* DATA LISTING
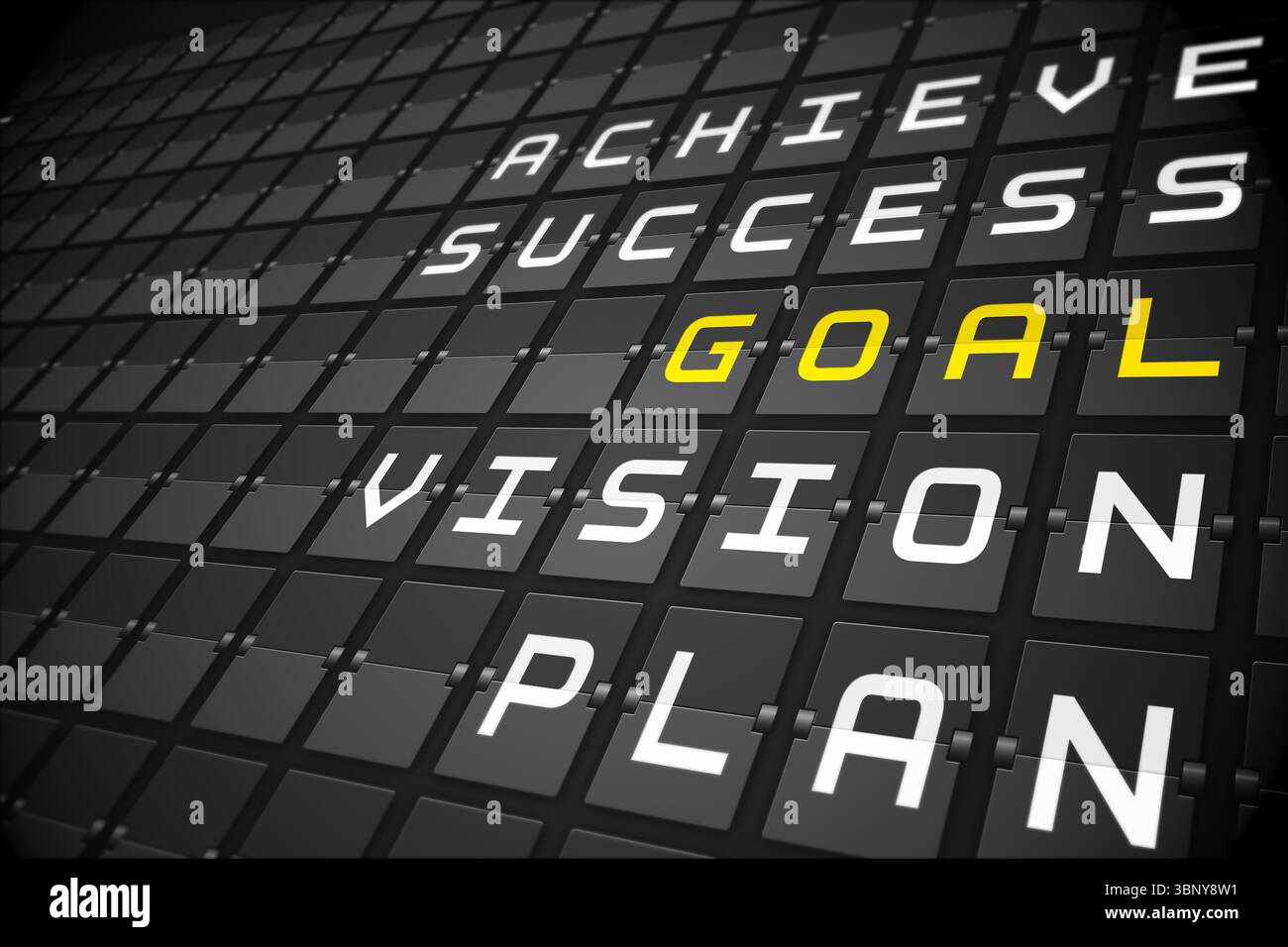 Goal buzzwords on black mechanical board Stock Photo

* * *

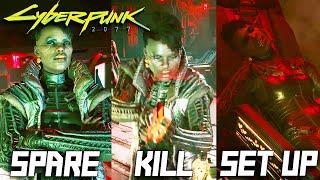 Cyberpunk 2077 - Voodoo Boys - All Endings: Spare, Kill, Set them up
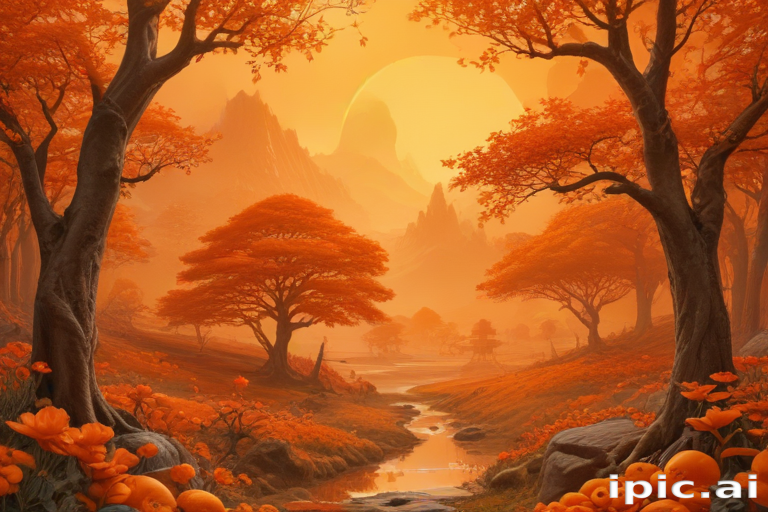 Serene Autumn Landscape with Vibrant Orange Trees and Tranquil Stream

* YOUR OBJECTIVE
Look above for the line with "Cyberpunk 2077 - Voodoo", then print it and each line after it down to and including the line with "Serene Autumn Landscape". Leave out the pictures and keep the wording exact.

* SOLUTION FOR THIS EXERCISE
 Cyberpunk 2077 - Voodoo Boys - All Endings: Spare, Kill, Set them up
 Serene Autumn Landscape with Vibrant Orange Trees and Tranquil Stream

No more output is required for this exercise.